The front-wheel-drive Tacuma seats five. It had disc brakes in front and drums in the rear.
Power for the Style will come from a 16-valve, 1.8-liter, four-cylinder engine. The Sport has a 16-valve, 2.0-liter, four-cylinder engine. Each version will carry a four-speed automatic and a five-speed manual transmission. A 1.9-liter diesel engine is also being developed.
Elements of the concepts will likely be toned down for production. Each vertical tail-light panel on the Sport, for example, is made of 18 lights set in polka-dot fashion.
The cars have been engineered at Worthing. They will be built in Kunsan, South Korea. Within several years, Daewoo hopes to sell 300,000 worldwide annually.
That, of course, assumes that Daewoo manages to survive its current crisis. The company is deep in debt and operating under a government-backed restructuring plan. (See separate story on this page.)

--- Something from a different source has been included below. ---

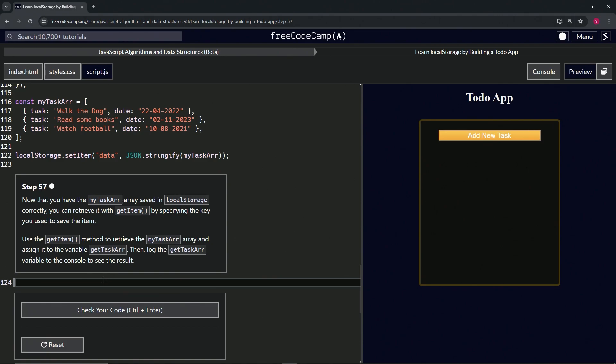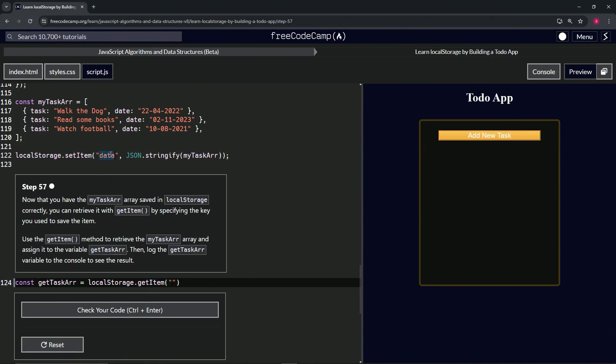For this one, we're going to create getTaskR to start with. We'll say const getTaskR like this, and that's going to equal localStorage.getItem.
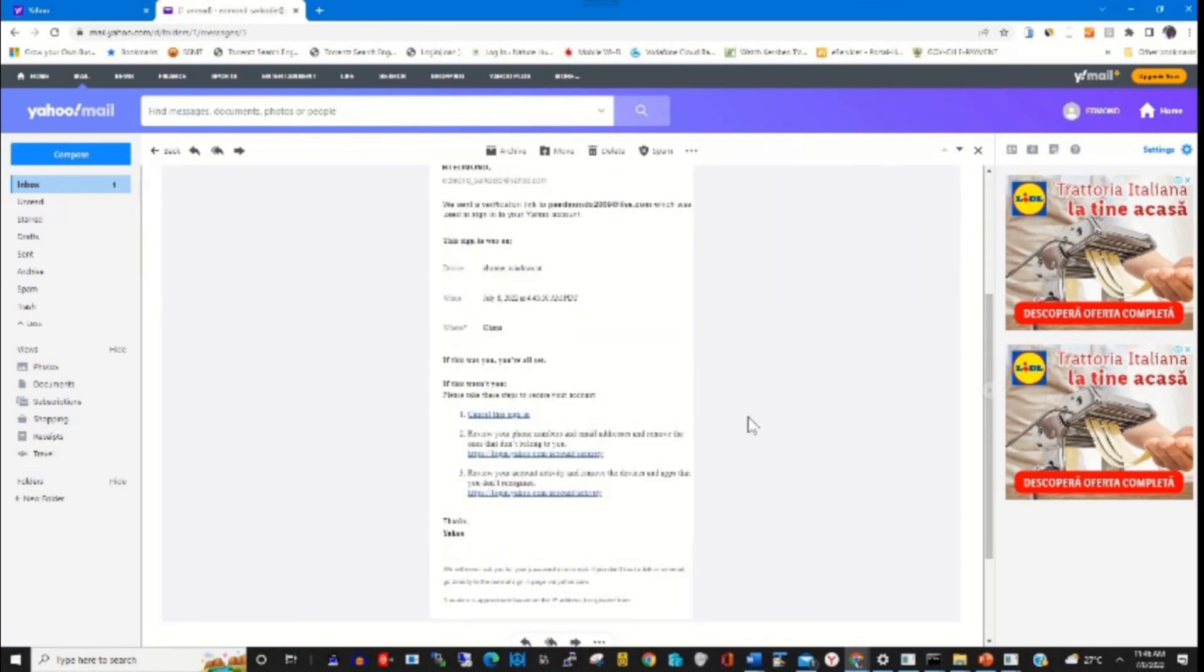On our website, how you can add a recovery email to your Yahoo account.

The Tacuma's Frankfurt auto show preview was marked by the absence of two people listed on the program: Chairman Kim Woo-Choong and President Kim Tae-Gou.
They could not find the time to make it, the audience was told. The company's negotiations with General Motors over a possible partnership were described as 'intensive'.
Sport and leisure, the two traits embodied by the Tacuma, must have been far from the executives' minds.